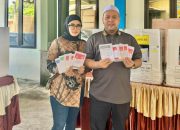 Akhmed Reza dan Istri Nyoblos di TPS 034 Samarinda Utara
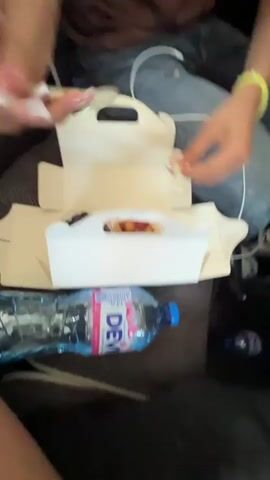 The video shows the interior of a bus. The initial shot focuses on a woman with long, dark hair and wearing a maroon top and ripped jeans. She is seated and opening a white cardboard box containing small containers of berries and granola. A bottle of water is visible nearby. The camera angle then shifts to a young man with short brown hair wearing a black t-shirt. He looks at the camera and briefly makes a hand gesture. The video ends with a close-up shot of a leg covered in ripped jeans. The setting appears to be cramped, with various items scattered around the seats.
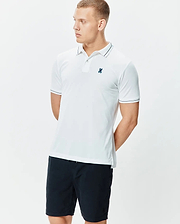 Mens Edwin Sport Polo, a classic fit white performance jersey polo with navy tipping on the collar and sleeve cuffs, featuring a small embroidered navy Psycho Bunny skull logo on the left chest.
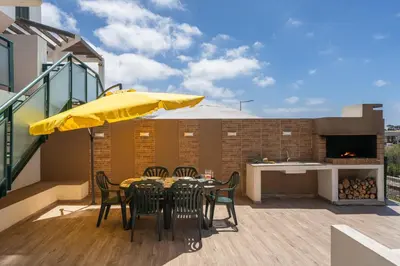 a living room with a couch and a table at Casa Encosta do Sol by An Island Apart in Porto Santo
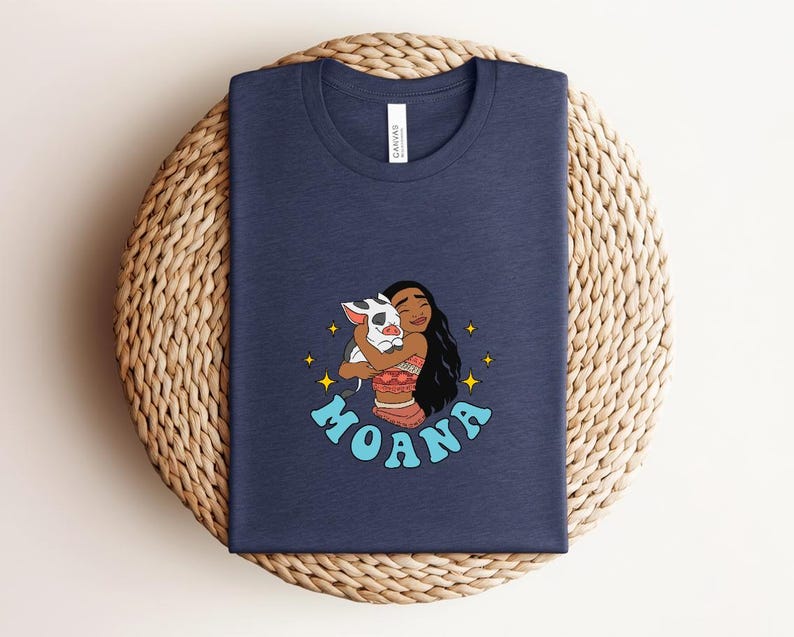 Puede incluir: Una camiseta azul marino de cuello redondo con una ilustraci&oacute;n gr&aacute;fica de un personaje de pelo largo y oscuro abrazando a un peque&ntilde;o cerdo manchado. El dise&ntilde;o incluye estrellas amarillas de cuatro puntas y el texto MOANA en letras may&uacute;sculas azul claro.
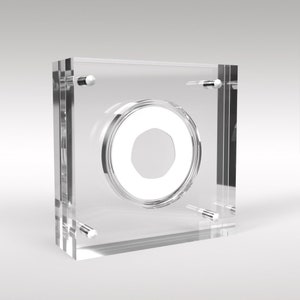 May include: A clear acrylic coin display case with a circular opening for a coin. The case has a modern design and is perfect for showcasing a valuable coin.
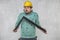 The construction worker is holding a angle in the hand, a guide to constructing right angles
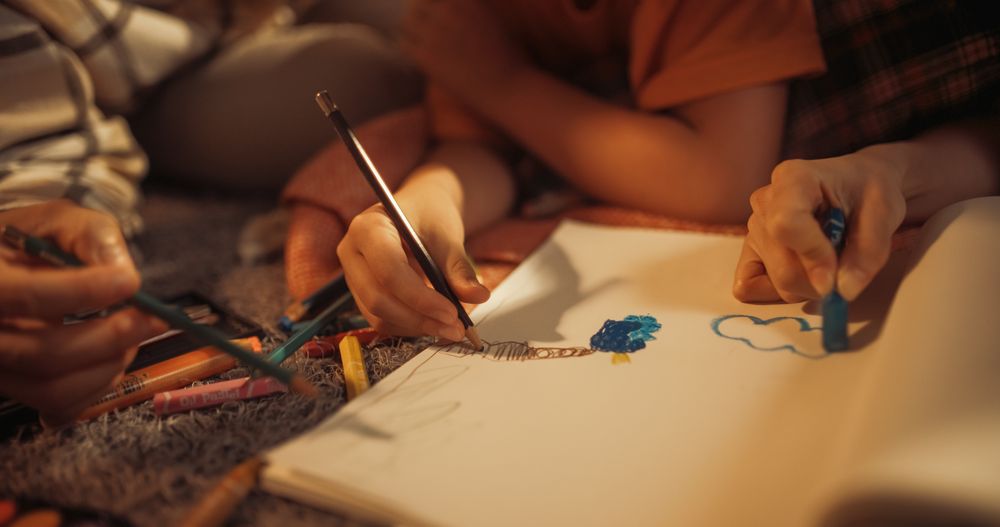 Close Up On Hands Of Happy Korean Family Drawing Together in Notebook With Pens And Pencils.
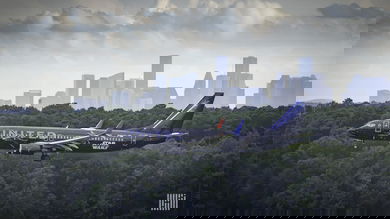A dark blue United Airlines jet comes in for landing, side view right above the tree tops. United posted a $1.6 billion loss Tuesday.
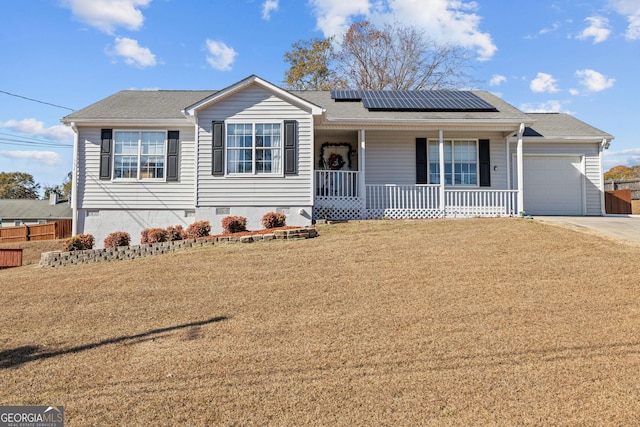 view of front facade featuring a garage, a porch, a front yard, roof mounted solar panels, and crawl space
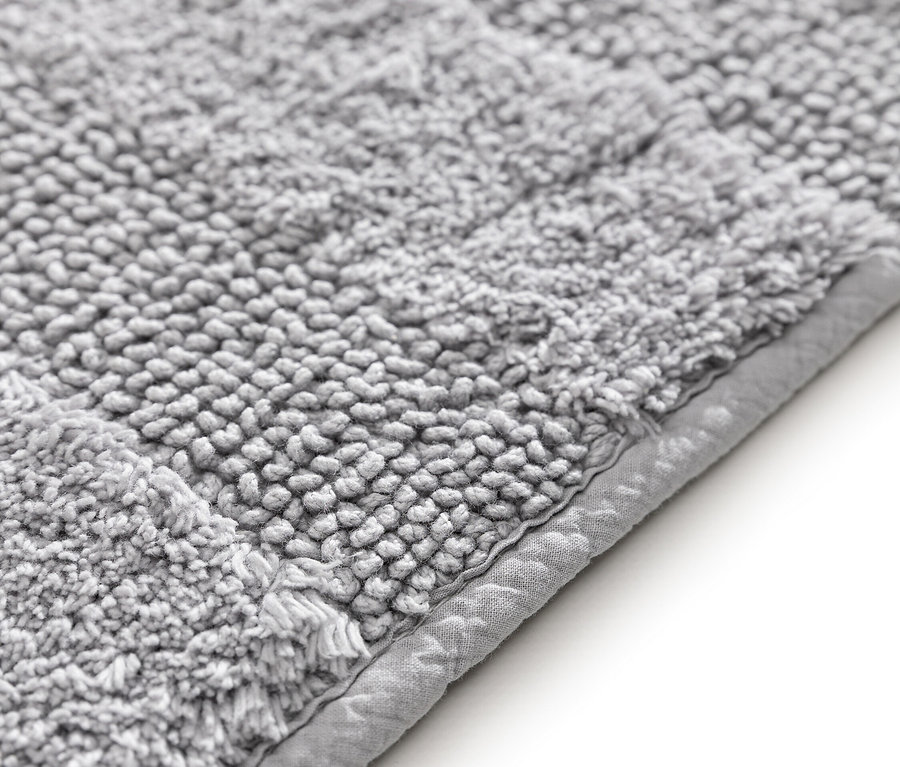 Nahaufnahme einer grauen Badematte mit gewebter Textur und einem schmalen, einfarbigen Rand.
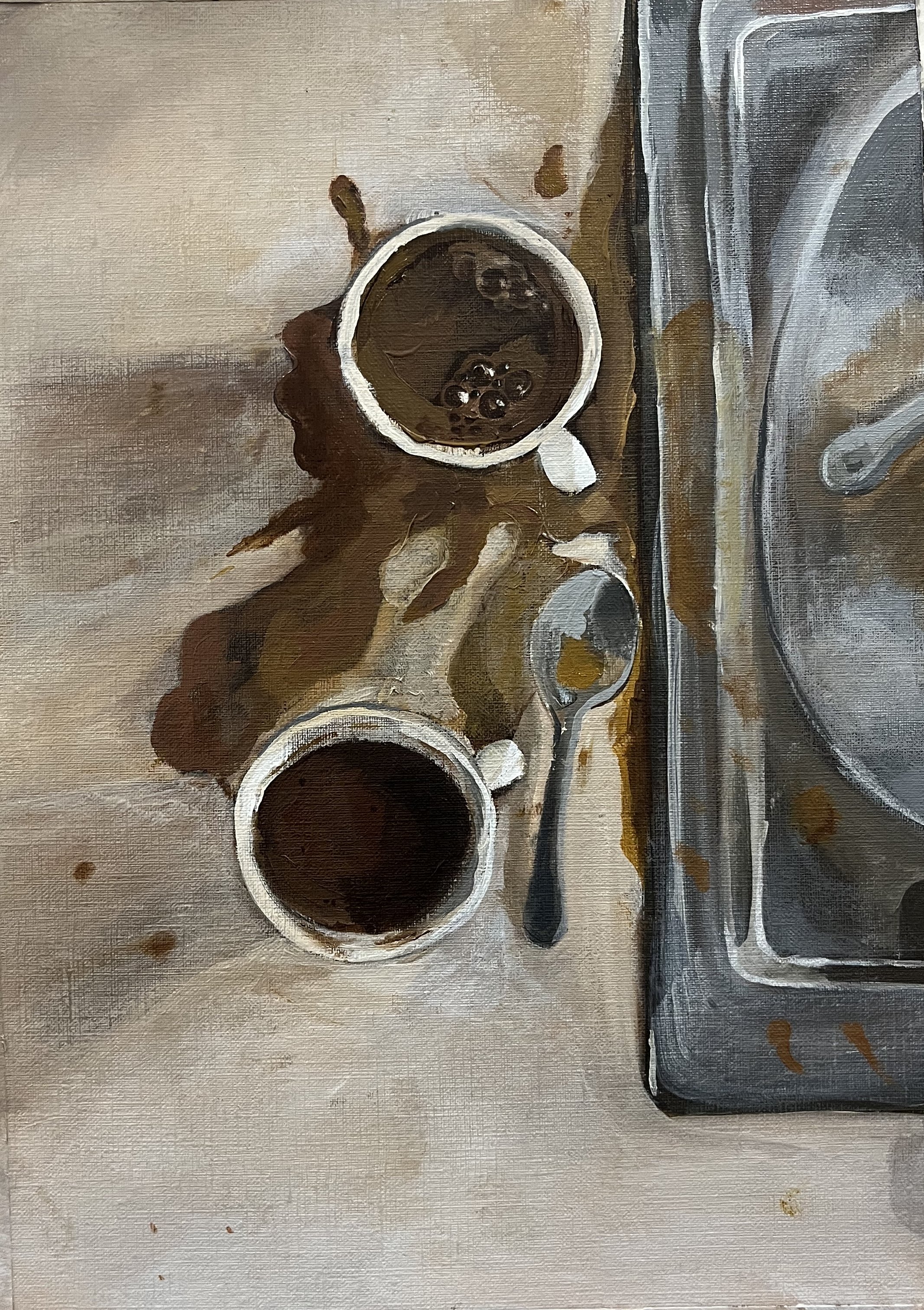 Two cups of black coffee, a spoon, and spilled coffee on a countertop near a stovetop.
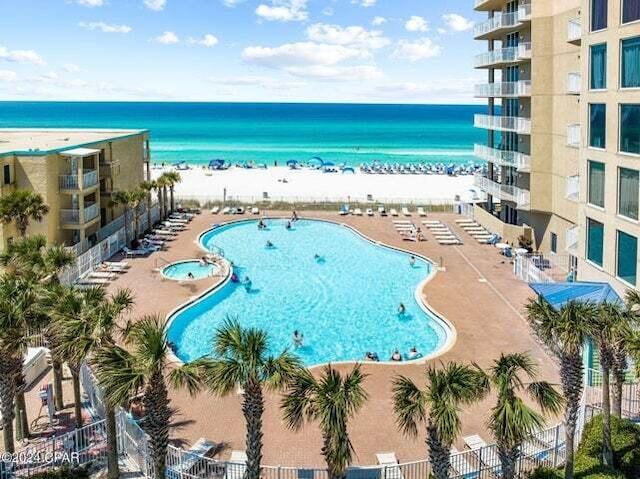 11483 Front Beach Rd Unit 1004, Panama City Beach, FL 32407 - view of swimming pool featuring a water view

****************

All the lines above are to be given again exactly as they read, with the pictures removed.

 Akhmed Reza dan Istri Nyoblos di TPS 034 Samarinda Utara
 The video shows the interior of a bus. The initial shot focuses on a woman with long, dark hair and wearing a maroon top and ripped jeans. She is seated and opening a white cardboard box containing small containers of berries and granola. A bottle of water is visible nearby. The camera angle then shifts to a young man with short brown hair wearing a black t-shirt. He looks at the camera and briefly makes a hand gesture. The video ends with a close-up shot of a leg covered in ripped jeans. The setting appears to be cramped, with various items scattered around the seats.
 Mens Edwin Sport Polo, a classic fit white performance jersey polo with navy tipping on the collar and sleeve cuffs, featuring a small embroidered navy Psycho Bunny skull logo on the left chest.
 a living room with a couch and a table at Casa Encosta do Sol by An Island Apart in Porto Santo
 Puede incluir: Una camiseta azul marino de cuello redondo con una ilustraci&oacute;n gr&aacute;fica de un personaje de pelo largo y oscuro abrazando a un peque&ntilde;o cerdo manchado. El dise&ntilde;o incluye estrellas amarillas de cuatro puntas y el texto MOANA en letras may&uacute;sculas azul claro.
 May include: A clear acrylic coin display case with a circular opening for a coin. The case has a modern design and is perfect for showcasing a valuable coin.
 The construction worker is holding a angle in the hand, a guide to constructing right angles
 Close Up On Hands Of Happy Korean Family Drawing Together in Notebook With Pens And Pencils.
A dark blue United Airlines jet comes in for landing, side view right above the tree tops. United posted a $1.6 billion loss Tuesday.
 view of front facade featuring a garage, a porch, a front yard, roof mounted solar panels, and crawl space
 Nahaufnahme einer grauen Badematte mit gewebter Textur und einem schmalen, einfarbigen Rand.
 Two cups of black coffee, a spoon, and spilled coffee on a countertop near a stovetop.
 11483 Front Beach Rd Unit 1004, Panama City Beach, FL 32407 - view of swimming pool featuring a water view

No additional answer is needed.